Bianca, que estuda justamente a literatura de autoria negra, observa que ainda há resistência no mercado editorial em ter negros escrevendo sobre outras coisas que não o racismo.

"Embora estejamos conquistando lugar merecido em grandes editoras, o caminho a se percorrer é longo. Graças a muita luta de acadêmicos, pesquisadores independentes, escritores, etc., finalmente olharam para um público que está consumindo cada vez mais. É um processo de disputa narrativa contínuo".

Este sentimento da "pauta única" também é observado por Samuel dentro do ambiente da produção de conteúdo online: "é como se a gente só pudesse falar de determinados temas, é uma pena. Eu quero começar a usar minhas redes sociais pra falar de outras coisas. Eu gosto de várias outras coisas. Eu gosto de ser negro? Eu adoro ser negro, mas eu não gosto só disso, não".

E o que vem depois?

Tanto para Samuel quanto para as analistas do ID_BR, o interesse por esse aprendizado é um fato inédito por aqui, principalmente por parte da população branca. Na visão de Aline, o caminho para impedir que o assunto esfrie continua sendo a informação e, a partir daí, racializar todas as práticas da sociedade, com participação ativa da população branca.

Aline Nascimento, analista de ações afirmativas do Instituto Identidades do Brasil (ID_BR) - Arquivo Pessoal - Arquivo Pessoal
Aline Nascimento, analista de ações afirmativas do Instituto Identidades do Brasil (ID_BR)
Imagem: Arquivo Pessoal

"Se as pessoas que detém o privilégio racial e o poder representativo e econômico continuarem neste movimento, é possível que ele se estenda.
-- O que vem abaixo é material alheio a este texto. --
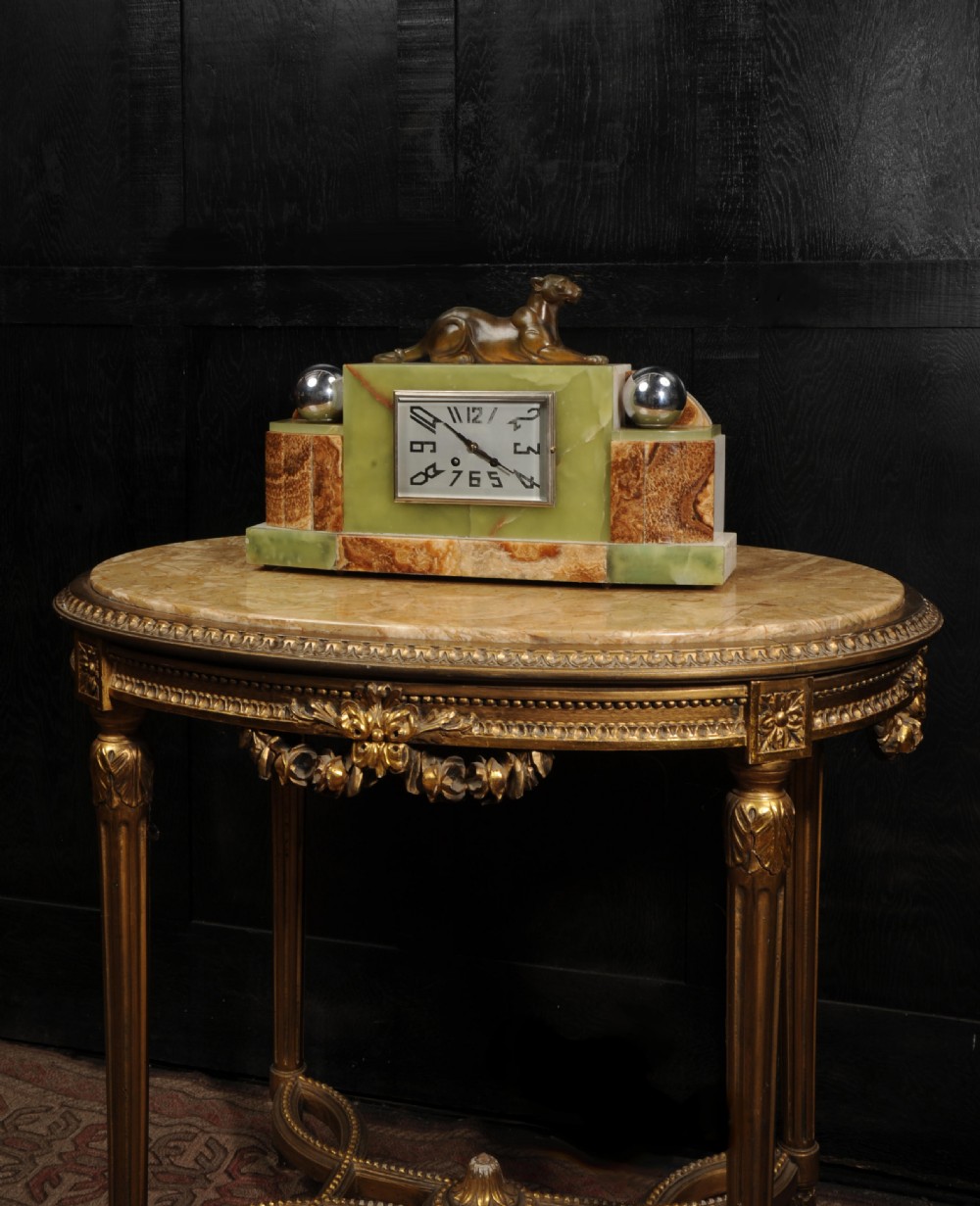 Art Deco Clock - The Lioness - Antique French Michel Decoux View III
Os movimentos negros já fazem isso há anos, incansavelmente, e agora está na hora de suas vozes ecoarem para que ações efetivas sejam implementadas", afirma ela.

Samuel reforça a análise e acrescenta os caminhos que podem ser feitos pelas pessoas que realmente estejam interessadas em se engajar na luta antirracista:

"Elas precisam criar coletivos para falar de branquitude, precisam estudar, doar dinheiro, votar em pessoas negras. Se elas querem que isso seja perene, elas vão precisar se organizar. Ninguém faz transformação sozinho. E a gente precisa criar mais espaços diversos, entre negros e brancos, para que as pessoas começarem a falar disso juntas também. Se a gente conseguir dar esses dois passos seria fantástico".